» TASK INSTRUCTIONS:
Return the data that follows, keeping every word and mark unchanged.
*** Opening of MATERIAL SUPPLIED ***
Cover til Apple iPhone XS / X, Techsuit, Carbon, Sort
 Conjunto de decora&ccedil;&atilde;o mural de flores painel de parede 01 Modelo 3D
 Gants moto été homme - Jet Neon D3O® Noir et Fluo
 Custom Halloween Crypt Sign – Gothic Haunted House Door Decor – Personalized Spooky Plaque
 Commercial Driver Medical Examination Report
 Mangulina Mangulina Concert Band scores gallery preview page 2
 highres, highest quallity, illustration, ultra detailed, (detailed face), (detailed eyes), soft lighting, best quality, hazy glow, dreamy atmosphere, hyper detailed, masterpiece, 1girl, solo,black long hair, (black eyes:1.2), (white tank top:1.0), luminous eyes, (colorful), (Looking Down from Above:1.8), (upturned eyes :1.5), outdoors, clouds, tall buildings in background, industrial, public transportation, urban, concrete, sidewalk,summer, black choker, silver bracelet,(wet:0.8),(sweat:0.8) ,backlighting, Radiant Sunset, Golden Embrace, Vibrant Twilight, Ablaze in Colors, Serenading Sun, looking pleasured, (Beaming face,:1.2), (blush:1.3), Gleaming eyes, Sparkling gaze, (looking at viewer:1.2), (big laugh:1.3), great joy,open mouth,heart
*** Close of MATERIAL SUPPLIED ***
» ANSWER BOX:
Cover til Apple iPhone XS / X, Techsuit, Carbon, Sort
 Conjunto de decora&ccedil;&atilde;o mural de flores painel de parede 01 Modelo 3D
 Gants moto été homme - Jet Neon D3O® Noir et Fluo
 Custom Halloween Crypt Sign – Gothic Haunted House Door Decor – Personalized Spooky Plaque
 Commercial Driver Medical Examination Report
 Mangulina Mangulina Concert Band scores gallery preview page 2
 highres, highest quallity, illustration, ultra detailed, (detailed face), (detailed eyes), soft lighting, best quality, hazy glow, dreamy atmosphere, hyper detailed, masterpiece, 1girl, solo,black long hair, (black eyes:1.2), (white tank top:1.0), luminous eyes, (colorful), (Looking Down from Above:1.8), (upturned eyes :1.5), outdoors, clouds, tall buildings in background, industrial, public transportation, urban, concrete, sidewalk,summer, black choker, silver bracelet,(wet:0.8),(sweat:0.8) ,backlighting, Radiant Sunset, Golden Embrace, Vibrant Twilight, Ablaze in Colors, Serenading Sun, looking pleasured, (Beaming face,:1.2), (blush:1.3), Gleaming eyes, Sparkling gaze, (looking at viewer:1.2), (big laugh:1.3), great joy,open mouth,heart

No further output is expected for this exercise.